My caseload included the sad, disaffected and underprivileged, those who’d fought to survive a lifetime of abuse or neglect. The rest was made up of hardened criminals for whom violence had become a way of life, those who’d peddled drugs, raped or murdered; those who’d taken the view that the laws of the land didn’t apply to them. Those who’d been removed from society, incarcerated in high security prisons, given life sentences. I’ve worked with those too, but I know where the line is and never step over it.

That’s not to say that I haven’t used what it felt like to do the job, that I don’t feed off my partner’s thirty-year police career when I write. I spent years rubbing shoulders with lawyers, judges, prison governors, police and victim support – an endless list of professions with insight into the seedier side of life. I was paid to observe, interpret and challenge criminal behaviour. It’s this that goes on the page and helps layer a story that has depth and meaning, with rounded characters readers can relate to, a tale with heart that moves people to want to read on.

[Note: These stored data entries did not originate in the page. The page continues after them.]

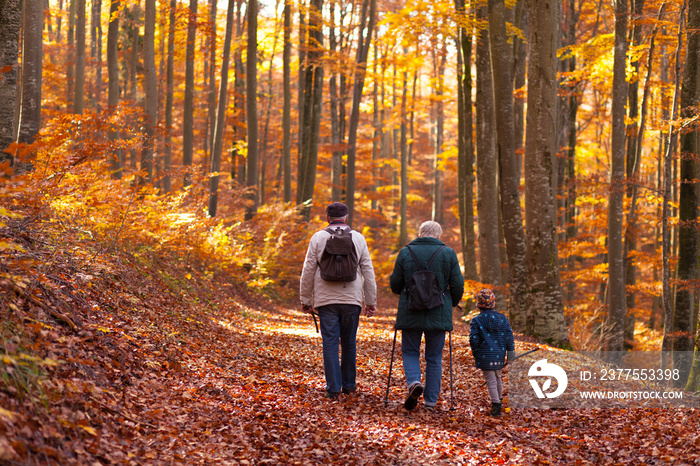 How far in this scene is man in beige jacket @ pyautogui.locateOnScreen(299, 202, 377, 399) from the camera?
5.96 meters

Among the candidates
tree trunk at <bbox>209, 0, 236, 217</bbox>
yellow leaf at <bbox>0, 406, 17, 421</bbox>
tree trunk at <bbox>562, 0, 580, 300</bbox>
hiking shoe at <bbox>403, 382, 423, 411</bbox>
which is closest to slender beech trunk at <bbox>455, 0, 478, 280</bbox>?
tree trunk at <bbox>562, 0, 580, 300</bbox>

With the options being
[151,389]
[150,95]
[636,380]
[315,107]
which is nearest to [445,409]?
[151,389]

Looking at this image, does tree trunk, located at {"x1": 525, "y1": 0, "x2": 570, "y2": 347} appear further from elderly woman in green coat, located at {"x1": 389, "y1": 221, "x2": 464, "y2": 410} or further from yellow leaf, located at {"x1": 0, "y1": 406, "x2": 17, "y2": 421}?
yellow leaf, located at {"x1": 0, "y1": 406, "x2": 17, "y2": 421}

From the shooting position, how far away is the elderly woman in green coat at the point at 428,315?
5.64 metres

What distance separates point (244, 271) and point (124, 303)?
8908 millimetres

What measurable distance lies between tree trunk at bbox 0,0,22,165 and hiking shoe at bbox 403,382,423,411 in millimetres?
5540

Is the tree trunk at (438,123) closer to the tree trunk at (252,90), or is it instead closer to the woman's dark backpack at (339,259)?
the tree trunk at (252,90)

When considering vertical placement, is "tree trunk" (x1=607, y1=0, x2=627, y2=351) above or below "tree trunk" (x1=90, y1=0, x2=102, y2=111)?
below

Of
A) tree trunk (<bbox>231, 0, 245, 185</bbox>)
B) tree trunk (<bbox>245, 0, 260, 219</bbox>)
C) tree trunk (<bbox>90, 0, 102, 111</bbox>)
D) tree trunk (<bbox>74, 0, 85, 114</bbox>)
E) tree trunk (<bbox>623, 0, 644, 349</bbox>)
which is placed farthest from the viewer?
tree trunk (<bbox>90, 0, 102, 111</bbox>)

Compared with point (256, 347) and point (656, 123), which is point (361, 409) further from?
point (656, 123)

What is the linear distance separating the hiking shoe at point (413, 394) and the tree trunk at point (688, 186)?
6176mm

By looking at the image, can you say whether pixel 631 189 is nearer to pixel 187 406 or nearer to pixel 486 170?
pixel 486 170

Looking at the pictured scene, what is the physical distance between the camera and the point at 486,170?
1299cm

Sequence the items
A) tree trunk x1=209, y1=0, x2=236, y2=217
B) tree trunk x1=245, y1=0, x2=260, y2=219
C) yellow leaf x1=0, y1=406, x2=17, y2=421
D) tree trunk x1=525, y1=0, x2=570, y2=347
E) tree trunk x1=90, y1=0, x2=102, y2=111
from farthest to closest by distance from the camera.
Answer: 1. tree trunk x1=90, y1=0, x2=102, y2=111
2. tree trunk x1=209, y1=0, x2=236, y2=217
3. tree trunk x1=245, y1=0, x2=260, y2=219
4. tree trunk x1=525, y1=0, x2=570, y2=347
5. yellow leaf x1=0, y1=406, x2=17, y2=421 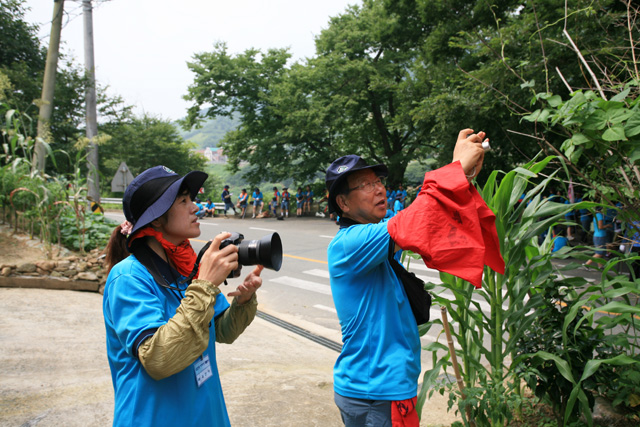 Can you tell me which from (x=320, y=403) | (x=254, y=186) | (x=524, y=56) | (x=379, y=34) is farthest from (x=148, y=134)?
(x=320, y=403)

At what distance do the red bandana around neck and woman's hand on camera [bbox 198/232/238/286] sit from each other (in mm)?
228

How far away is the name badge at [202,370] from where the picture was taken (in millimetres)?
1623

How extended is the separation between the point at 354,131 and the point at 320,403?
66.2 feet

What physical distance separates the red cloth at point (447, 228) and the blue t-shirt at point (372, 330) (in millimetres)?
394

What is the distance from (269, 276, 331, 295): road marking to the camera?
27.7 ft

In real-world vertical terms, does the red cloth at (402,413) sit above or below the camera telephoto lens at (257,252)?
below

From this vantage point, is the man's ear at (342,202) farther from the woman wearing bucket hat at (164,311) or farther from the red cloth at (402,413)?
the red cloth at (402,413)

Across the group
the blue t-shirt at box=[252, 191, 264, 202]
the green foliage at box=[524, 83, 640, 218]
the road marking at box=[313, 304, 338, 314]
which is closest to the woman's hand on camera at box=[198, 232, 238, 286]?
the green foliage at box=[524, 83, 640, 218]

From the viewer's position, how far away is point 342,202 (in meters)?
2.09

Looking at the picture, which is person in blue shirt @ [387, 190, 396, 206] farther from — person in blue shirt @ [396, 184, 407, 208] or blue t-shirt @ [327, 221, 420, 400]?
blue t-shirt @ [327, 221, 420, 400]

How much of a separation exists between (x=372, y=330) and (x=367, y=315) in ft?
0.21

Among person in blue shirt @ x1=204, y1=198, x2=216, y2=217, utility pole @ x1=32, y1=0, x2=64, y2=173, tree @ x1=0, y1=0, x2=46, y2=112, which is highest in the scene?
tree @ x1=0, y1=0, x2=46, y2=112

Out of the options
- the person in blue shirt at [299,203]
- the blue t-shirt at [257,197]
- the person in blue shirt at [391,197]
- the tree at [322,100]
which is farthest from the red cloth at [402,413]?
the blue t-shirt at [257,197]

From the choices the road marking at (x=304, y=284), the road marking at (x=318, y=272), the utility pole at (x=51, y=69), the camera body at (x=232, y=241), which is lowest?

I remember times when I was terrified or heartbroken, when I saw injustice I could do nothing about. I witnessed the guilty go free, innocent lives wrecked, dangerous offenders released when I knew the public were at risk the minute they swaggered through the prison gates. I think about the day I was on the wrong side of the assault that ended my probation career, the cops I knew and the traumatic events that overshadow their lives. Their voices are real to me. I know what makes them tick. And, when an idea finally arrives, I discuss it with my partner. Her credibility meter is always running . . .

I recently signed with Orion. When they asked me to write something new, it meant putting aside the characters that had made my name, those I’ve lived with for years, as real to me as anyone I know. There is no greater challenge than laying the foundation of a new series or creating a new detective duo but, in the course of writing eight books, I’d honed my craft and realised that I have more to give. Hero or villain, these new characters are already in me. I just had to find a way to wake them up and put them to work. Bring on DI David Stone and DS Frankie Oliver.

THE LOST was published by Orion on March 22, 2018.